Francesco si spogliò volutamente delle proprie ricchezze terrene: lì sta il perno concettuale rivoluzionario.

E allora, può il video qui sopra essere considerato un atto di umiltà? Una celebrazione al luogo, al Santo, alla fraternità e all’accoglienza? Se Jovanotti sapesse cantare, di certo lo sarebbe. La realtà, invece, dice esattamente il contrario: Jovanotti non ha ricevuto dal buon Dio il dono del bel canto, non ha questa grazia, non ha questa competenza. Jovanotti dimostra di essere ‘incompetente’ e sgraziato, uno a cui non è data la possibilità di fare atti di umiltà per celebrare chicchessia, men che meno Francesco d’Assisi. Fa semplicemente un atto sconclusionato, stolto. L’aver improvvisato la melodia non lo salva.

Di certo non è nuovo a cose del genere. Nel 2011 volle omaggiare Fabrizio De André, eseguendo il brano Il suonatore Jones nel cimitero di Spoon River, davanti alla tomba di Jones stesso. De André, maniacale nella resa formale dei suoni, scialacquato da uno stonaticchio Jovanotti che “suona” maldestramente la chitarra pizzicando le corde col pollice, cantando un brano in cui rintracciare quasi tutto della poetica di Faber e anche un suggestivo biografismo nel contenuto, in quel luogo. Un sacrilego cazzotto allo stomaco del buongusto: Jovanotti, evidentemente, è così. C’è poco da fare. Azzarda, e credo che sostanzialmente questo sia un bene.

Torniamo però ora ad Assisi. C’è una frase che più delle altre descrive l’azzardo e condisce l’intera vicenda di un alone fastidioso indelebile. Poco prima di cantare, Jovanotti introduce ciò che andrà a fare, mettendo le mani avanti, parlando delle sue imminenti stonature e dicendo: “Son sicuro che San Francesco non era proprio intonatissimo. No no no, ho quest’impressione perché non c’erano mica le scuole di canto all’epoca”.

Una ‘boiata’ imperdonabile che disintegra ogni seppur minima stilla di umiltà e buona fede. Un esempio di “pensiero chiuso”: a un certo punto il nostro sistema cerebrale non è più in grado di articolare idee e manipolare sinapsi e cerca la soluzione più sbrigativa, che nel suo caso si sposa con l’adrenalina superba del ruolo del cantante di successo. Una forma di delirio di onnipotenza nel posto più sbagliato.

Ce lo si poteva aspettare? Non so. Forse sì.

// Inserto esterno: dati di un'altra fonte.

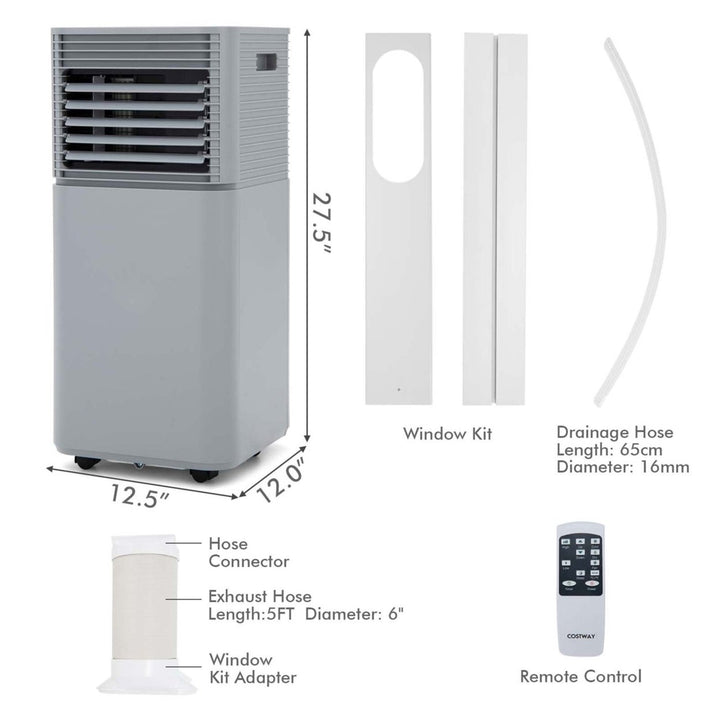 3 in 1 Portable Air Conditioner AC Unit Air Cooler 8000BTU ASHRAE 230 sq.ft Grey Image 2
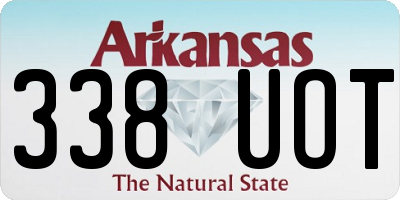 AR license plate 338UOT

Forse davvero Jovanotti pensava di calare dall’alto il suo canto e la sua performance. Forse davvero Jovanotti è andato ad Assisi con lo spirito peggiore, il più sbagliato, del parvenu che crede che tutto gli sia concesso.

È la sfacciataggine in cui sta sprofondando questo Paese, dove è oramai opinione diffusa il fatto che acquisire competenze sia un’inutile e sfigata perdita di tempo.

E chissà cosa avrebbe pensato lo stesso Francesco se, nel luogo simbolo che consacra le sue gesta, avesse visto la scena di Jovanotti che gira il libro di Aldo Nove e lo mette in bellavista a favore di obiettivo, mentre il frate davanti a lui parla di aiuti alle Filippine e al Kenya. Strada difficile quella dell’umiltà.